Sometime later, Sonny called her, wrapping their conversation in codes. And when they rendezvoused, they did so in disguise.
She recalled: “Sonny had to go underground and it was a more nerve-wracking experience because I could not call unless a number was left for ‘Sister Carolina’ to return the call. It was always a number that changed. ‘Father Joseph’… there were different names he would use as we deciphered messages within a conversation ostensibly about religion.”
After weeks of hide-and-seek with the military, Sonny got word to see the ConCon head, former President Diosdado Macapagal, at his house in Forbes Park. He wanted to send Sonny to the US to help Raul Manglapus (Marcos’ opponent in the 1965 presidential election) influence public opinion there by exposing corruption and human rights violations in the Philippines.
Sonny was chosen because he was a young bachelor and considered competent enough to undertake what they called “mission impossible.” He agreed.
Before leaving, Sonny went to his parents, Capt. Marcelo Alvarez and Juanita Turingan, a public school teacher. Both had been harassed by soldiers inquiring about his whereabouts.
He told his parents about his coming trip and apologized for the troubles he had caused them. His father, a guerrilla during the Japanese Occupation, asked him to reconsider. When Sonny said no, his father hugged and saluted him. His mother told him: “Do what you believe is right. Always follow your conscience. And don’t forget to pray.” He was in tears when he walked away.

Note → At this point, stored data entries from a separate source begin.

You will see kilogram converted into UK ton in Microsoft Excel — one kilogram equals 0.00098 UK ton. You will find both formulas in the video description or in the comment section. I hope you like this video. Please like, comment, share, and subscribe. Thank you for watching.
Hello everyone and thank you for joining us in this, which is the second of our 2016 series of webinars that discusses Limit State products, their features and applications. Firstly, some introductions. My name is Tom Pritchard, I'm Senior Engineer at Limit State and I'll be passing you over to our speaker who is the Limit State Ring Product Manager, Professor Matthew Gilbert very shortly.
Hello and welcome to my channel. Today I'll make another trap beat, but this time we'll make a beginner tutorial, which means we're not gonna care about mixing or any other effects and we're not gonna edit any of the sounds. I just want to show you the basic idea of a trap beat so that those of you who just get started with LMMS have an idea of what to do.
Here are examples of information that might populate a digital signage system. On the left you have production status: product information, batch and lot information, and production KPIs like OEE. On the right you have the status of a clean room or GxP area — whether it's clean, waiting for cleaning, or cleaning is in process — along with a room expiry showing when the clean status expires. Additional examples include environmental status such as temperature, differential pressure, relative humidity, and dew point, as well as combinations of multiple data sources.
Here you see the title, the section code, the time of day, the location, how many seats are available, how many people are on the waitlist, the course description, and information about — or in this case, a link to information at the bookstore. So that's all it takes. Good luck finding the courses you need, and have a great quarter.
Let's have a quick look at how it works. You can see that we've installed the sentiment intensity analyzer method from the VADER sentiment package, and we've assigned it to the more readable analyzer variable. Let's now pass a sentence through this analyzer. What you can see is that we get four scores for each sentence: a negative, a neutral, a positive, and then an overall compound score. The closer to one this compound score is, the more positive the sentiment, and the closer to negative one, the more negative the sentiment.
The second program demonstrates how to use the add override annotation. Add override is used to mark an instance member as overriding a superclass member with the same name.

That was the last time Sonny saw his father, who had a heart attack after learning that Sonny’s brother was “brutally tortured, his eyes gouged out, his tongue cut and his head bashed.” They found his body in the churchyard of Santiago, Isabela.
Then Defense Minister Juan Ponce Enrile told Cecile to tell Sonny to surrender. “(We) have accounted for all the (opposition ConCon) delegates except Alvarez and (Bonifacio) Gillego,” he said. “You better tell Alvarez to surrender or he’ll be shot on sight.”

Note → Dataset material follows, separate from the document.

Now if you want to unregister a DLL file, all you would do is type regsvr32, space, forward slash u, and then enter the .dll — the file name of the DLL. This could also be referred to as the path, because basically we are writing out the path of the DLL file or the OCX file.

Sonny boarded incognito a ship of a Greek captain bound for Hong Kong, according to Cecile. Throughout the trip, he was restless and sleepless until he set foot on American soil.
In the US, Sonny linked up with Manglapus and Gillego, a soldier-turned-human rights advocate who challenged Marcos’s war records. Manglapus was on a speaking tour when the declaration of martial law forced him to stay. He organized the Movement for Free Philippines to consolidate the opposition in the US.

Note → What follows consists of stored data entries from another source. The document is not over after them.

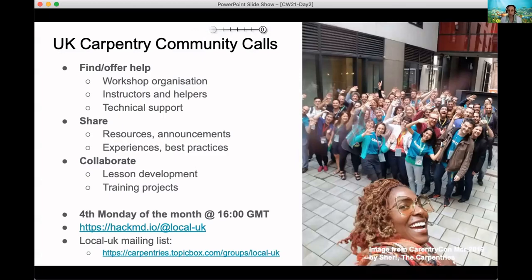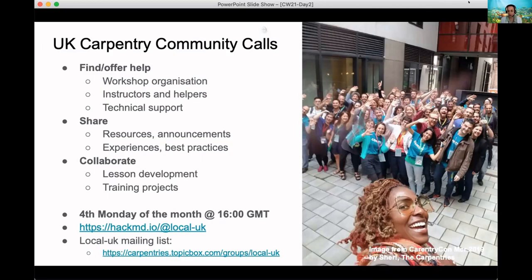We kicked off these calls in February and have had two meetings so far, with an international audience present from Europe, South Africa, and the United States. We also had some members of the Carpentries core team present to answer questions. We meet on Zoom every fourth Monday of the month at four o'clock in the afternoon — previously GMT, now switching to British Summer Time — and we have a space on HackMD for our notes.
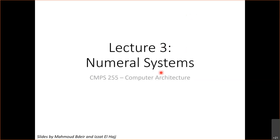Hello everyone and welcome to lecture three of computer architecture. Today we're going to talk about numeral systems — specifically how computers represent numbers and how computers operate on numbers, meaning how they do arithmetic.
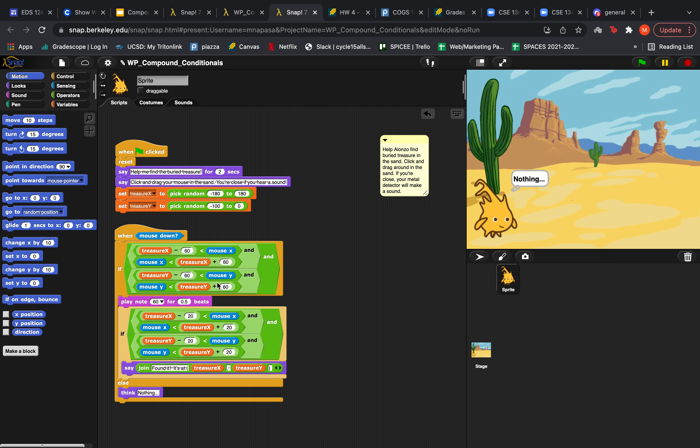And then the second condition is the same thing, but for the y coordinate. So if your mouse is anywhere between negative or plus 60 of the treasure y coordinate, then this will also be true. And then both of these conditions need to be true to essentially create a sort of radius around the treasure to detect your mouse for when it is within 60 units of the treasure.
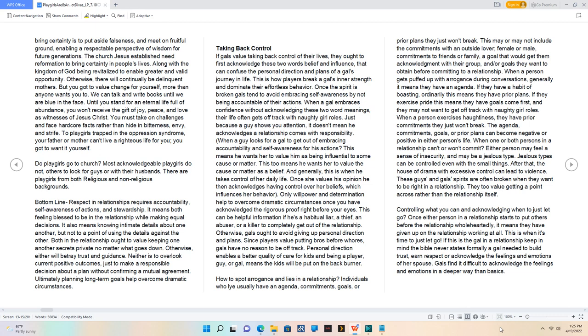It also means knowing intimate details about one another, but not to a point of using the details against the other. Both in the relationship ought to value keeping one another's secrets private no matter what goes down. Otherwise, either will betray trust and guidance. Neither is to overlook current positive outcomes just to make a responsible decision about a plan without confirming a mutual agreement. Ultimately planning long-term goals help overcome dramatic circumstances.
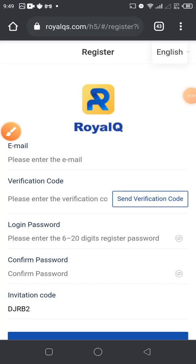Welcome to ClubEC9. My name is Harry, I'm your host today, and I'm going to share more light on how to register on Royal Queue. Registering on Royal Queue is very easy and straightforward.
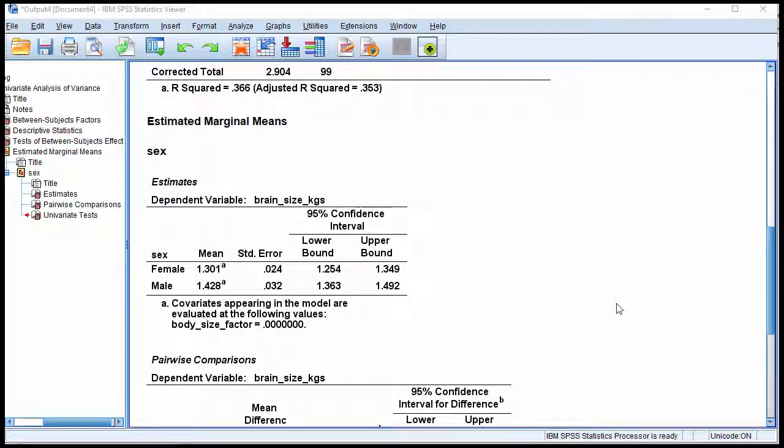In this video, I'm going to give you some pointers with respect to calculating an adjusted Cohen's d that is comparable to the partial eta squared outputted in an analysis of covariance.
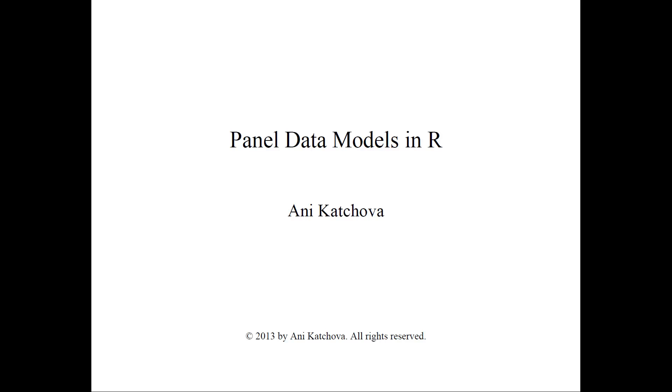Hello, I will show you how to do panel data models in R. Before we proceed, please make sure that you have watched my lecture as well as the example.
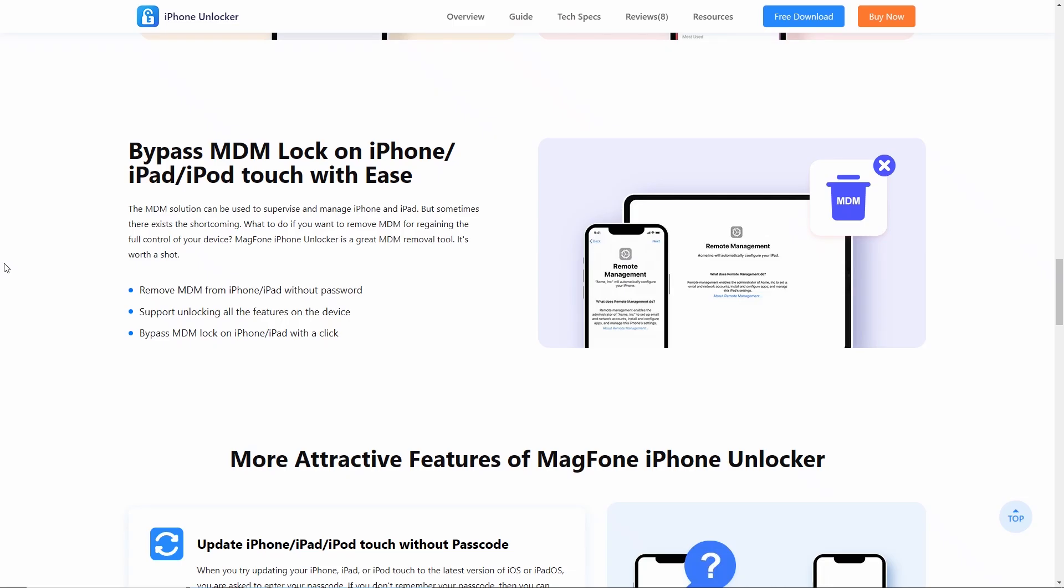If you're looking for a simpler, more user-friendly MDM removal tool, MagPhone iPhone Unlocker is an excellent alternative. It can remove remote management from your iPhone or iPad without a password.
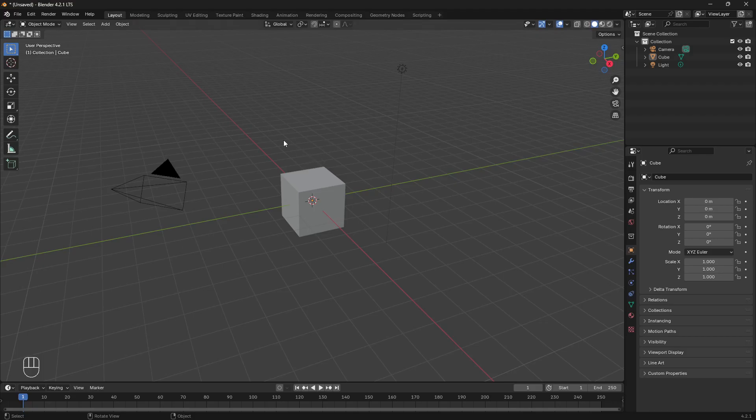Hi, I'm Stu. I'm going to show you how to UV unwrap a torus in Blender 4.2.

But it was not easy for Sonny. He learned that as the opposition leaders back home were not united, so were they also in the US. He had to go from house to house to campaign for unity on a shoestring budget.
Sonny admitted later in an interview that he, Manglapus and Gillego had difficulty mustering the support of Filipinos in the US, because the early immigrants had Ilocano roots and a natural affinity with Marcos. He said they made progress only after two years.
(By the time in the 1980s when I was residing in San Francisco, publishing The Filipino Times in the Bay Area, I had more or less the same assessment of the political opposition in the West Coast.)